# Starting My First T-Shirt Company Soon. Question About Lables...



## NeverBePeace (Sep 8, 2009)

What's up?

I am starting my own T-Shirt company! Sorry, I'm kind of excited. Anyway, I will be using Gildan shirts to start off with. My question is: Should I start off by leaving the tags in the shirt? Or, should I do my own? My only reason I have to leaving the tags in is pure simplicity. I do want to venture out beyond T-Shirts. However, I don't know if I should leave the Gildan tag in for now, or worth it to cut it out and put mine in. Plus, Im a little confused on how to get my own tags. I know there is certain rules and policies you have to go by. How would i search for NY laws? Can't find anything. Anyway, I hope I'm getting my point acrossed. Sitting her anxious. Thanks


----------



## muneca (Sep 30, 2008)

Hi, 

Welcome to the forum & good luck to you. I would start the label you want to use. Unless, of course cost is the issue. If so, then make the shirts w/Gildan tags, make some more and then convert. However, if you are really trying to start a brand...labels is the way to go right from the start. use the search button located on the left of the page for previous threads regarding labels, rules & regulations, etc. Again, good luck to you!


----------



## frommarz (Aug 8, 2007)

I had a client ask me the same question yesterday. I came here to find an intelligent answer for him. My question was answered before I even asked! Thanks!


----------



## grayma (Jul 26, 2008)

As far as re-labeling, it's all about 'perceived value'. Customers are almost always willing to pay more for a private labeled garment. When you see a 'Gildan' tag, your first thought is "Well I can buy these anywhere for a third of the price"


----------



## FRESH. (Nov 22, 2009)

Since you're starting out and possibly won't be getting a large quantity of shirts, it won't be worth it to use custom woven labels. If anything, screen print a neck tag. It's much more cost efficient for lower runs since woven labels usually have high minimums.


----------



## kimura-mma (Jul 26, 2008)

I agree with Kendell regarding perceived value. If you were using American Apparel, I would say you can keep the label in until you are ready to upgrade to custom labels. But since you are using Gildan, I think there is more reason to do custom labels sooner rather than later.

To find a supplier, do a google search for custom neck labels or you can check the preferred vendors list on the left side of the page. There are a variety of labels to choose from, including woven labels and heat transfer labels. Another option, if you're having your shirts screenprinted, is to have the label printed as well. Most printers offer this service.

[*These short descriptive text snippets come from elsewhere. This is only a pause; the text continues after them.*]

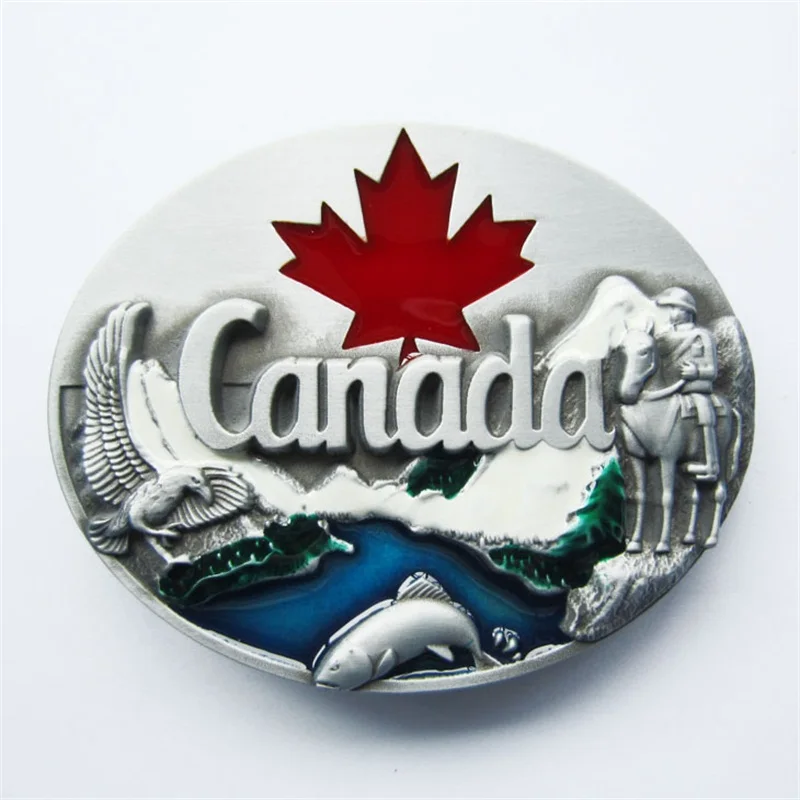 Canada Canadian Maple Leaf Wildlife Belt Buckle Boucle de Ceinture also US Stock BUCKLE-WT064 Free Shipping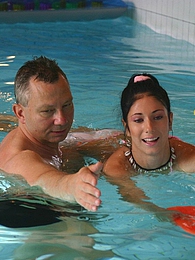 Find-Best-Pantyhose.com presents: Brunette teenage beauty fucked by a horny swim teaching paps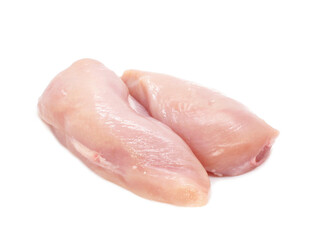 Raw chicken fillets isolated on white background. Two pieces of fresh chicken meat without skin....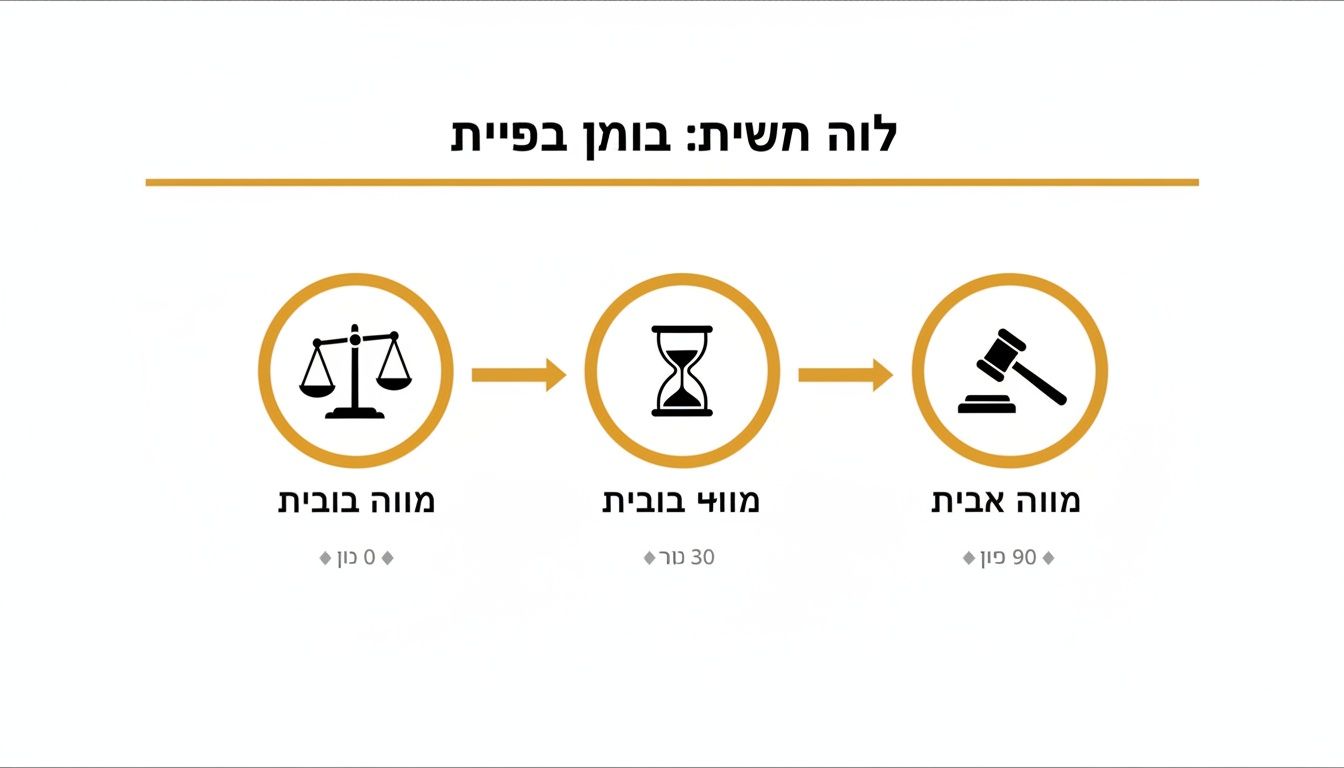 אינפוגרפיקה המציגה לוח זמנים לתהליך משפטי: מתחילה במאזני צדק (0), עוברת לשעון חול (30), ומסתיימת בפטיש שופטים (90).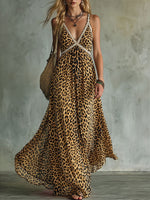 Women's Elegant Leopard Print V-neck Sleeveless A-line Dress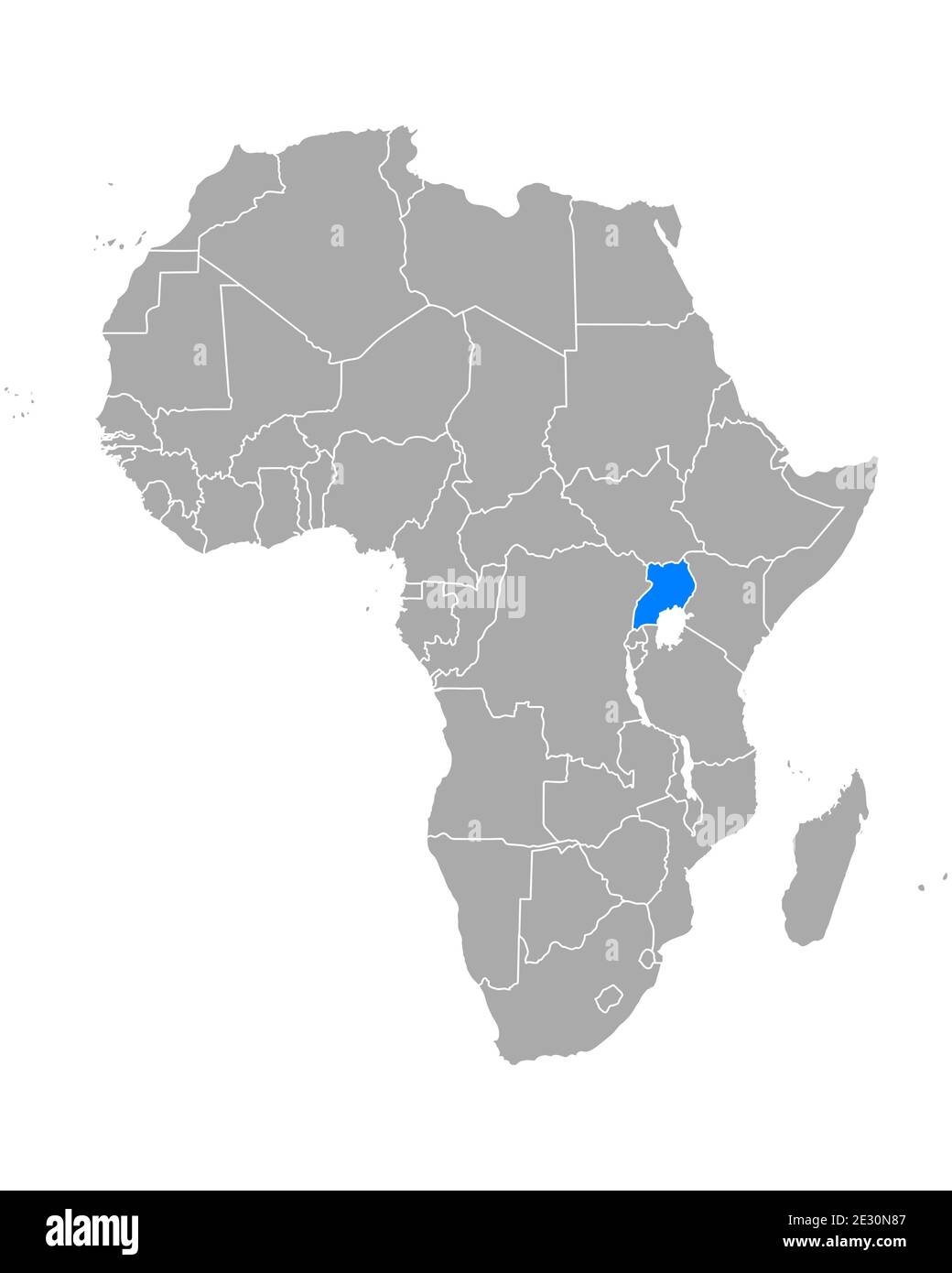 Map Of Africa Showing Uganda Map Of Uganda In Africa Stock Photo - Alamy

The FTC requires the following info on neck labels: RN # or Corporate Name, Fiber Content, Country of Origin and Care Instructions. It's always a good idea to include your company logo and the size of the garment as well. You can read more about labeling here: Threading Your Way Through The Labeling Requirements


----------



## zeusprinting (Jun 21, 2009)

I'd recommend switching to a shirt brand that has tear out labels, such as Alstyle or Anvil, and use plastisol transfers and do tagless. We do this for several clients, and it works out great. And you don't have to keep a bunch of inventory around.


----------



## NeverBePeace (Sep 8, 2009)

I like the "Gildan" feel of the shirts. Also, another reason for me picking it gildan is because it has 2 separate labels. One is a gildan tag....the other is the care labels. I will leave the care label (saves me money) and just get the tags........what do you guys think of hang tags? Is it necessary for right now?


----------



## topsy cret (Mar 3, 2009)

Well actually that Gildan tag your looking at is only one tag..Its the way that it was been folded and sewed that gives you the ilusion of being two tags.


----------



## topsy cret (Mar 3, 2009)

atleast im pretty sure, one way to find out is to rip out the tag your self. ( if you want to be certain )


----------



## NeverBePeace (Sep 8, 2009)

If it is 1 tag, can i just cut the tag that says "Gildan" and use my brand? Would that be a problem?


----------



## topsy cret (Mar 3, 2009)

Kno, that would be fine..
It may look a little sloppy tho...


----------



## 1ballsports (Dec 30, 2009)

Hey, we were in the same boat as you. I can't be much help, but check this link out, it helped us out. Good luck.......Printing Plastisol Transfers


----------



## Detroitswag.com (Jan 5, 2010)

We use Alstyle shirts and pull the tags out and use a single manual screen press to label and brand our shirts 

Good luck

www.fndclothing.com


----------



## BaySic (Apr 30, 2008)

I just got a quote from lucky labels for $190 plus shipping(I think it was $40 or so for expedited shipping) for 1200 labels(min order), thats about the cheapest you'll find. I was thinking of printing my own tags in but I figure my time is worth something, and one less print is one less print. I'm not sure how many shirts you plan on doing on your first run, I'm doing 500 on this run and dont want to have to put the shirts on the pallets any more than I have to, so having the tags sewn in is well worth it to me. Plus a shirt just looks better with custom tags, I realy dont care for printed tags on shirts, they give me a "cheap" feeling about the shirt when I look at it, but thats just me.


----------



## EvsU (Jan 3, 2010)

A friend and I are going through this same problem. What we decided was to leave Gildan tags in for now and once/if we sell a quota of shirts, get some custom ones. It truly comes down to whether or not you're doing this out-of-pocket or with a loan. I know you're excited about the clothing line but don't take/make any unnessecary(poor spelling) risks/expenditures. 

-Just this mans opinion


----------



## topsy cret (Mar 3, 2009)

EvsU said:


> A friend and I are going through this same problem. What we decided was to leave Gildan tags in for now and once/if we sell a quota of shirts, get some custom ones. It truly comes down to whether or not you're doing this out-of-pocket or with a loan. I know you're excited about the clothing line but don't take/make any unnessecary(poor spelling) risks/expenditures.
> 
> -Just this mans opinion


I no its your opinion and all, but you don't need a loan to start a tee shirt brand that is all tagged and labeled up. You need to work, and save. 
Loans are very hard to get for a start up clothing brand any way.


----------